徐三晚用枪指着求饶的人,想到刚刚听到那巡警说这些是帮会的人,便问道:“那个帮会的?”
“西社的,上头是三合会。”打手青着脸道,有意把后面的靠山说出来,就想镇住这不知天高地厚的警察。
“也就是说新近冒出来的?”
“我们那里都有人。”
“那又怎样,差爷也是哪里都有人,专治你这号子暴横的,滚!”
“站住!”见两打手要跑去,徐三晚叫住人,道:“跟你们老大说,要找我的话,五天后城西驿马场见!别把气撒其他人身上。”

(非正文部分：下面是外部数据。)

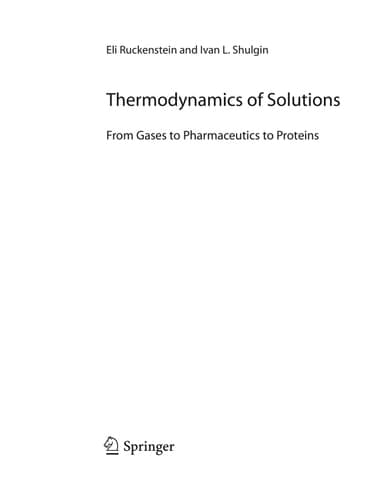 Thermodynamics of Solutions: From Gases to Pharmaceutics to Proteins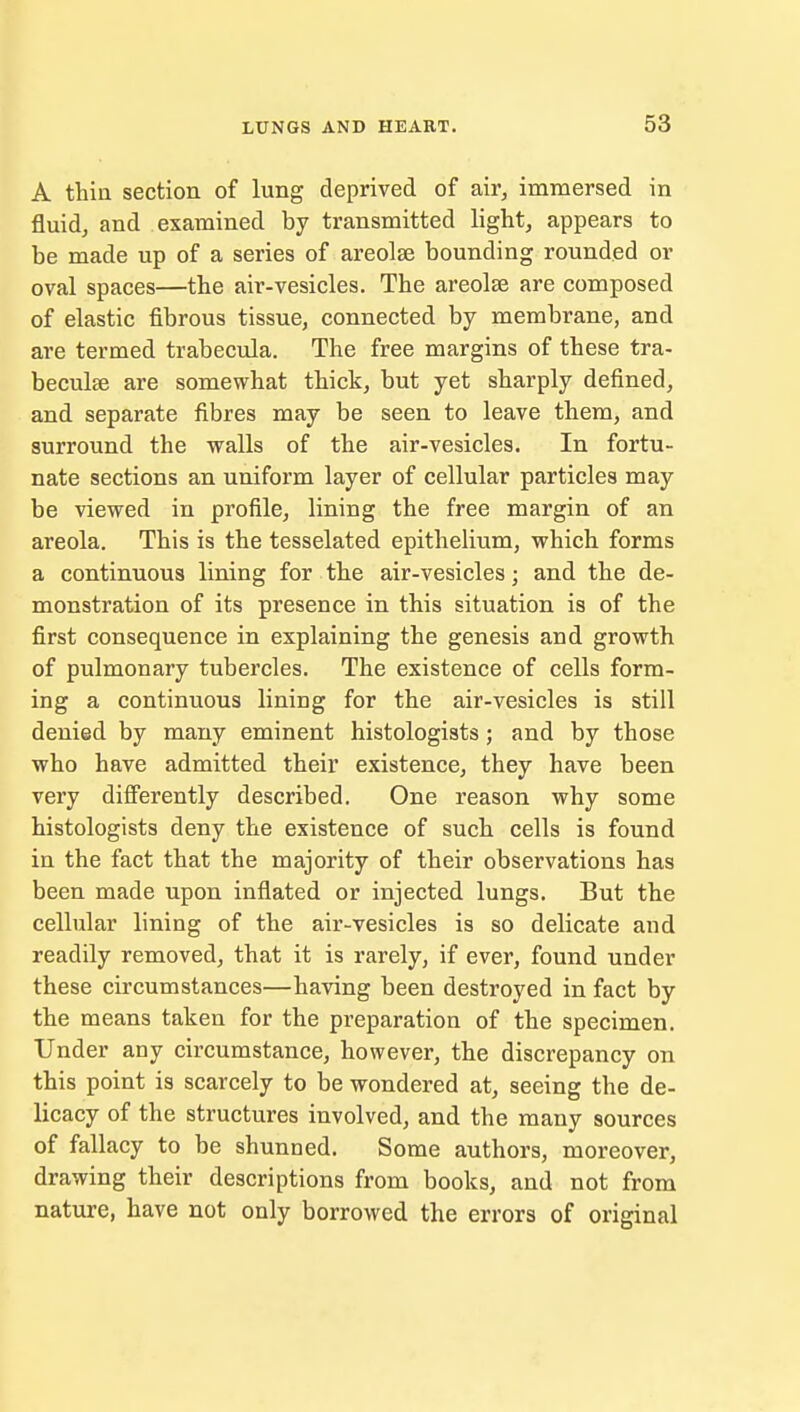 A thin section of lung deprived of air, immersed in fluid, and examined by transmitted light, appears to be made up of a series of areolae bounding rounded or oval spaces—the air-vesicles. The areolae are composed of elastic fibrous tissue, connected by membrane, and are termed trabecula. The free margins of these tra- becular are somewhat thick, but yet sharply defined, and separate fibres may be seen to leave them, and surround the walls of the air-vesicles. In fortu- nate sections an uniform layer of cellular particles may be viewed in profile, lining the free margin of an areola. This is the tesselated epithelium, which forms a continuous lining for the air-vesicles; and the de- monstration of its presence in this situation is of the first consequence in explaining the genesis and growth of pulmonary tubercles. The existence of cells form- ing a continuous lining for the air-vesicles is still denied by many eminent histologists; and by those who have admitted their existence, they have been very differently described. One reason why some histologists deny the existence of such cells is found in the fact that the majority of their observations has been made upon inflated or injected lungs. But the cellular lining of the air-vesicles is so delicate and readily removed, that it is rarely, if ever, found under these circumstances—having been destroyed in fact by the means taken for the preparation of the specimen. Under any circumstance, however, the discrepancy on this point is scarcely to be wondered at, seeing the de- licacy of the structures involved, and the many sources of fallacy to be shunned. Some authors, moreover, drawing their descriptions from books, and not from nature, have not only borrowed the errors of original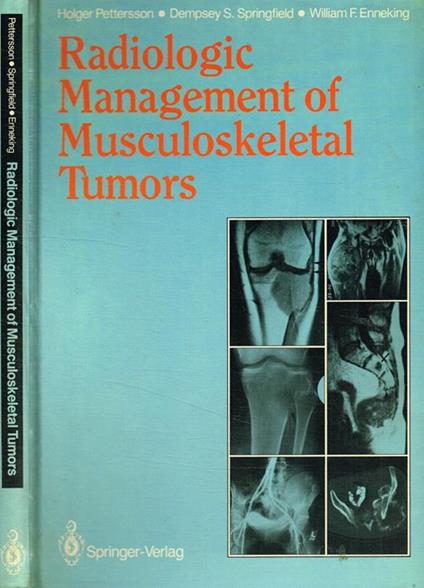 Radiologic management of musculoskeletal tumors - Holger Pettersson - copertina
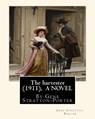 The harvester(1911), By Gene Stratton-Porter A NOVEL - Gene Stratton-Porter - 9781535533614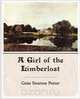 A Girl of the Limberlost, Gene Stratton Porter 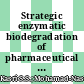 Strategic enzymatic biodegradation of pharmaceutical pollutant carbamazepine by bacteria Rhodococcus zopfii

徐三晚想到他才把脚踩进警队还没站稳,不好给局子惹麻烦,便要私人来解决这件事。
他心里头真是想要打击这里的黑道,顺带招揽一帮人坐大这地面,就不知道刚从死里逃生还没缓过劲来的老谭和花二会不会响应他?
如果他们说要退隐江湖或者不问战事,那他可就糗大了。
跟着徐三晚叫那受到惨重欺诈的两口子赶紧收拾细软,出去躲一阵。
叫那巡警去打电话叫收尸的人来把人拉走。
便若无其事的向茶楼走去,路上发现一些躲着向他投来的目光。
他心里问,这就是除暴安良么?
在茶楼里的包厢坐了一阵,一个手下走进来说,总务长临时有事,说改天再约。
李友林却跟徐三晚说,刚才开枪之后,他看见路上有个人影在远处望着,让他发现就闪进店门里,他怀疑那人就是总务长。
徐三晚说,不来也好,反正也问不出什么来,免得他怕麻烦上身。
跟着就叫手下去找其他人来,大伙好混个脸熟。